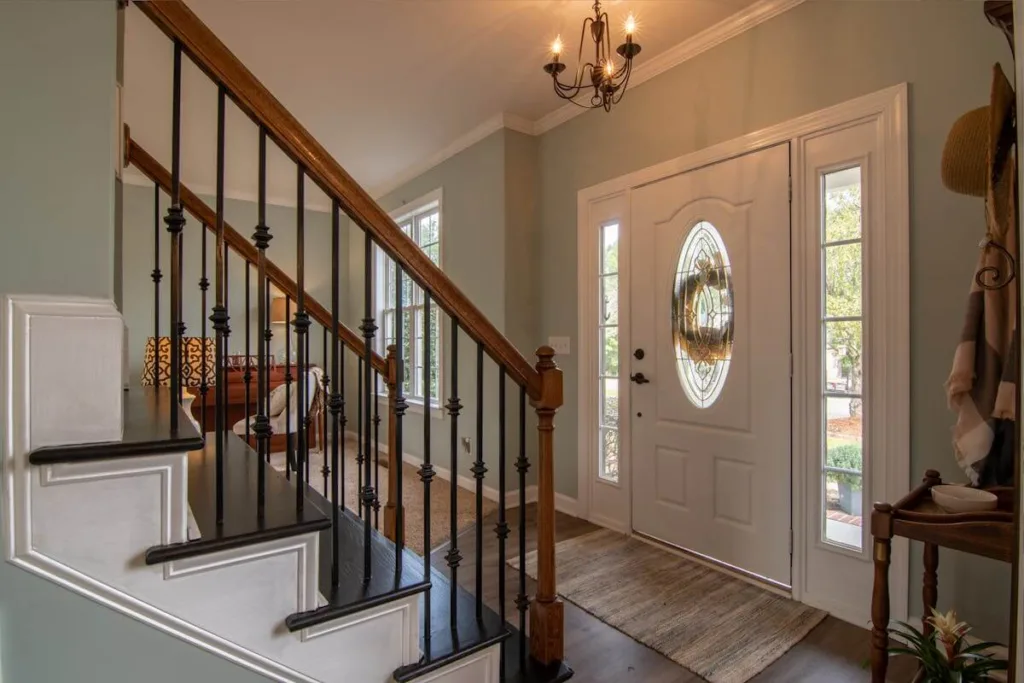 Pros and Cons of Having a Grand Entryway in Your Home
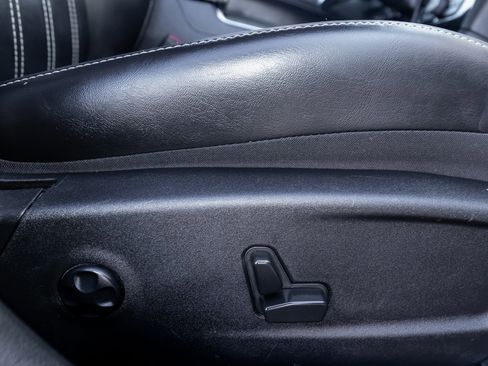 Used 2021 Chrysler 300 S image 19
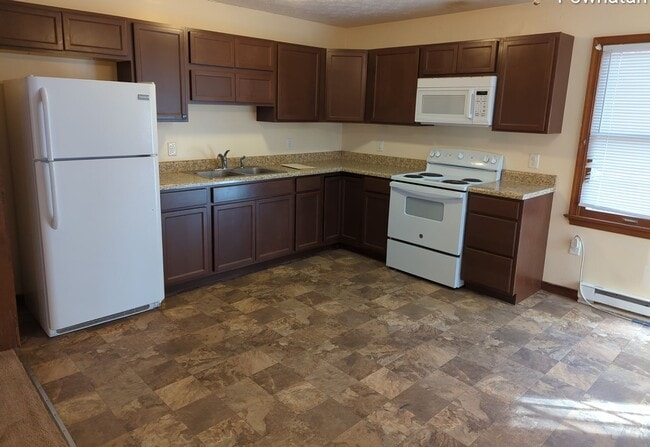 Building Photo - 3 bedroom ranch style home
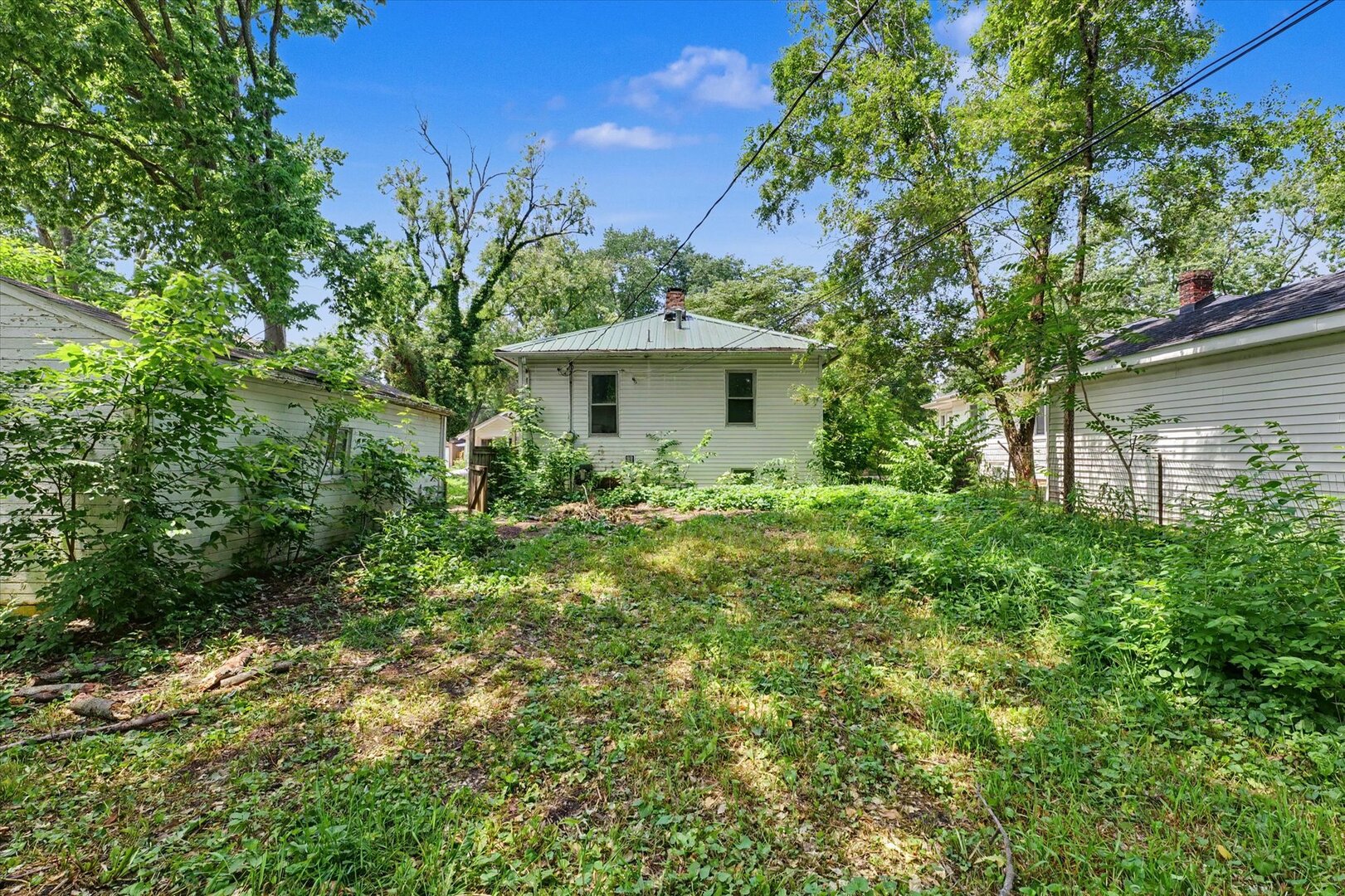 Photo 27 of 402 S Johnson Avenue
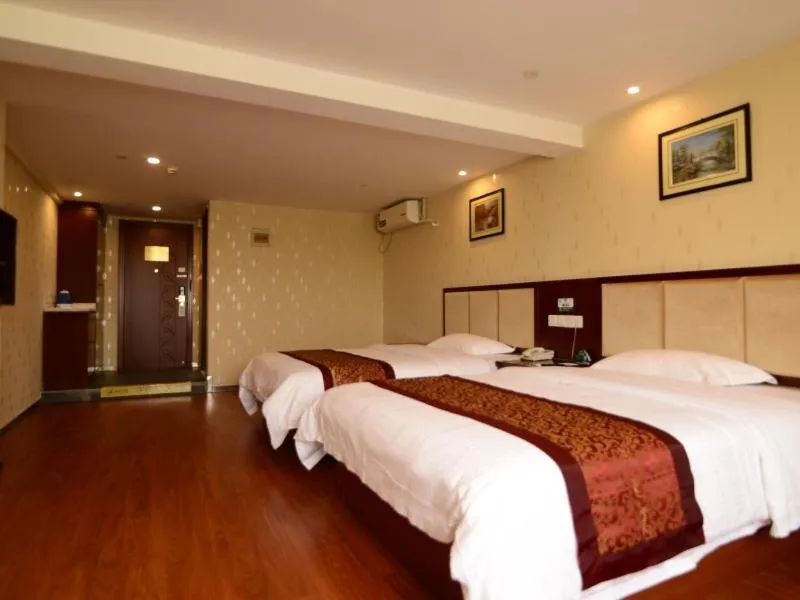 Bed in GreenTree Inn JiangSu Suzhou Kunshan Huaqiao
════
**Exercise instructions:** Copy each of the entries above precisely, and drop whatever pictures they hold.

**Output for this exercise:**
 Pros and Cons of Having a Grand Entryway in Your Home
 Used 2021 Chrysler 300 S image 19
 Building Photo - 3 bedroom ranch style home
 Photo 27 of 402 S Johnson Avenue
 Bed in GreenTree Inn JiangSu Suzhou Kunshan Huaqiao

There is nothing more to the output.